Disclaimer: if you are a ex-Saffa in NZ and having a horrible, dreadful time here the please do not read this article. 

I am active on a great many online forums and communities, and on almost all of those you are likely to find ex-Saffas who have made the move to NZ and who are very vocal about how awful it is here. Before you run screaming in the other direction, take a moment and do some research for yourself, and don't rely solely on the opinions of's all a matter of perspective.

Before my husband and I made the big move I spent countless hours reading about every aspect of New Zealand life, right down to where to find the cheapest bread and milk. When you are planning a move of this nature, it is easy to get caught up in the big picture and completely forget the little, everyday things. The day after we arrived it was very clear that we were no longer in South Africa, but because I had done a great deal of research before leaving SA it felt a little less intimidating since we knew to go to Countdown to stock up on groceries, head to Westfield Manukau to buy some essentials, open our bank account, and get our IRD numbers sorted. The weather was wet, but we were expecting it. We looked at weather patterns for the past couple of years and knew full-well what we were signing up for. Within a couple of weeks we were settling in, and within a couple of months, it felt like home.

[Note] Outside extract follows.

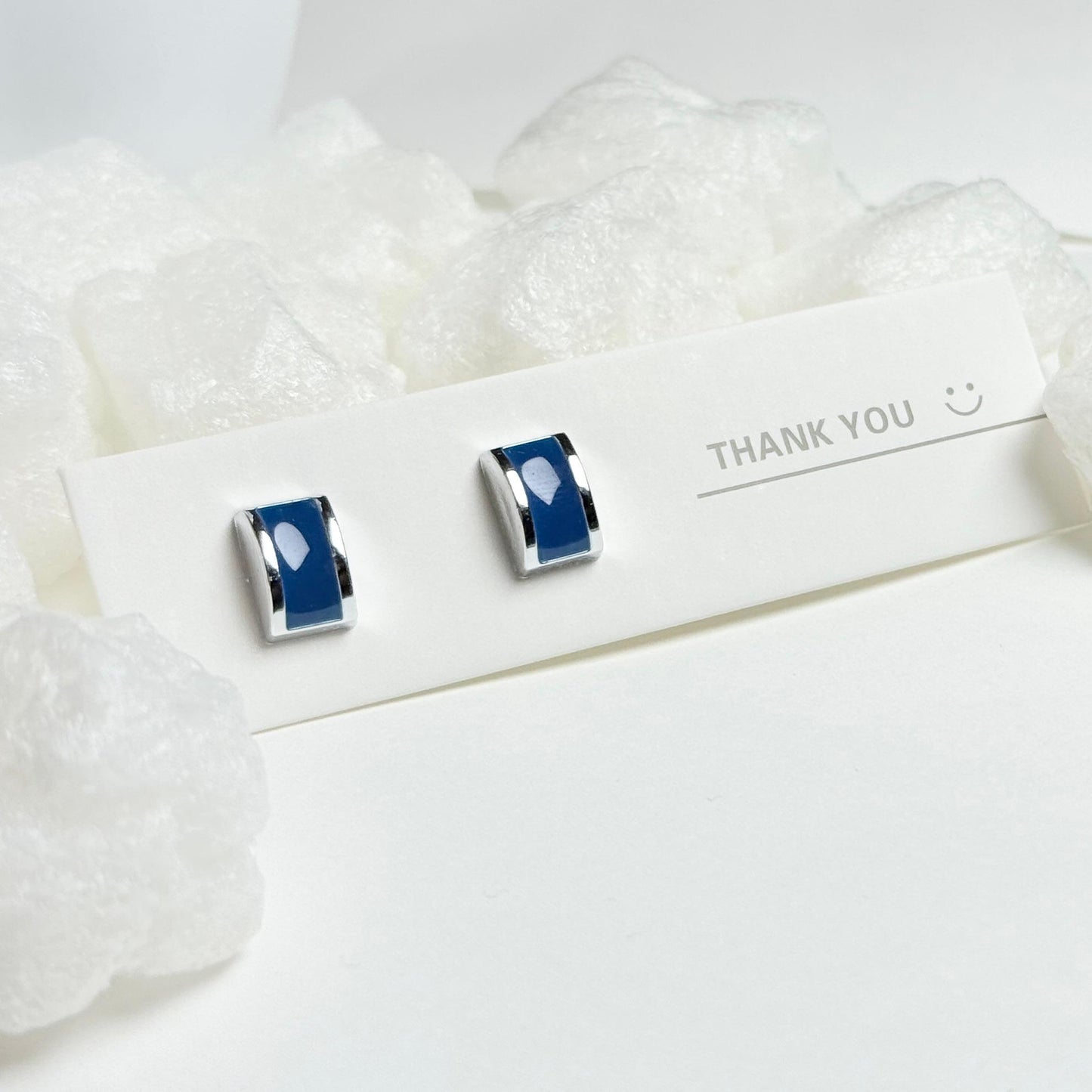 Blue enamel stud earrings G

On some of the forums, there are people complaining about being looked down on by other Saffas for not living in a flash neighbourhood or driving a fancy car. We made a conscious decision to not seek out any South African communities upon arrival since we did not want to trade the same for...the same. After all, you don't move to another country to just do the same things and mix with the same people. Part of emigrating is assimilating new cultures and experiences. Ex-Saffas are also split into two camps. We are in the camp that has the mindset of leaving SA and its troubles behind while there is another camp that simply loves to dwell on all the negativity and really make it the only topic of conversation. No thanks, we are not interested in those kinds of social networks.

As for integrating with Kiwi society, we have had no problems at all. Not once have we experienced rudeness or rejection for being South African. My husband and I have both integrated into our respective work environments and our colleagues are great. I have fantastic clients that I work with and there are even some Saffas in those companies. Yes, there are, no doubt, Kiwis who hate on Saffas, but they also hate on all other migrants. Saffas are highly valued in the workplace because of our work ethic and "can-do" attitude. The ex-PM even commented about the laziness of Kiwis. The key is not let any such negativity, should you encounter it, get to you. It has nothing to do with you or where you come from, but everything to do with societal problems well and truly beyond your control.

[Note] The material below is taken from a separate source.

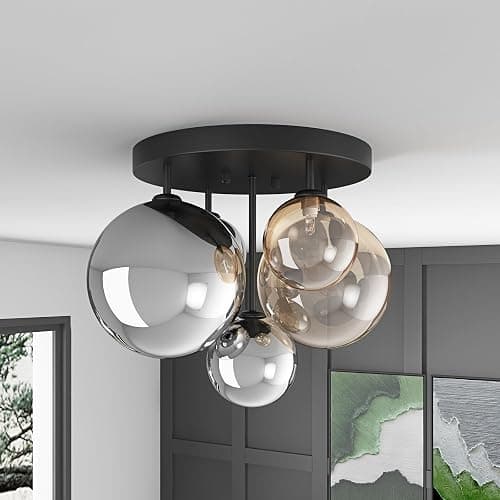 Aiwen 5-Light 17.71 in Black Semi Flush Mount Ceiling Light, Modern Ceiling Chandeliers with Globe Glass Shade, Farmhouse Ceiling Light Fixture, Cluster Chandelier for Bedroom thumbnail 3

Emigrating is a big, difficult, expensive, and emotional process. If you are going to approach it from a neutral or negative mindset then you are going to have a tough time and most probably end up hating every moment of what is meant to be a great adventure. We made the move with a positive, and excited attitude and also made up our minds that we would make it work, no matter what. As our 1 year anniversary in Auckland approaches we have not looked back once. Yes, we miss people but we do not miss South Africa nor do we regret giving up what we had there. If you come across forums or communities where there are posts laden with negativity about NZ take those with a pinch of salt. Everyone's circumstances and experiences differ, and in the end, it is a matter of perspective.


Going on two years and still enjoying the ride.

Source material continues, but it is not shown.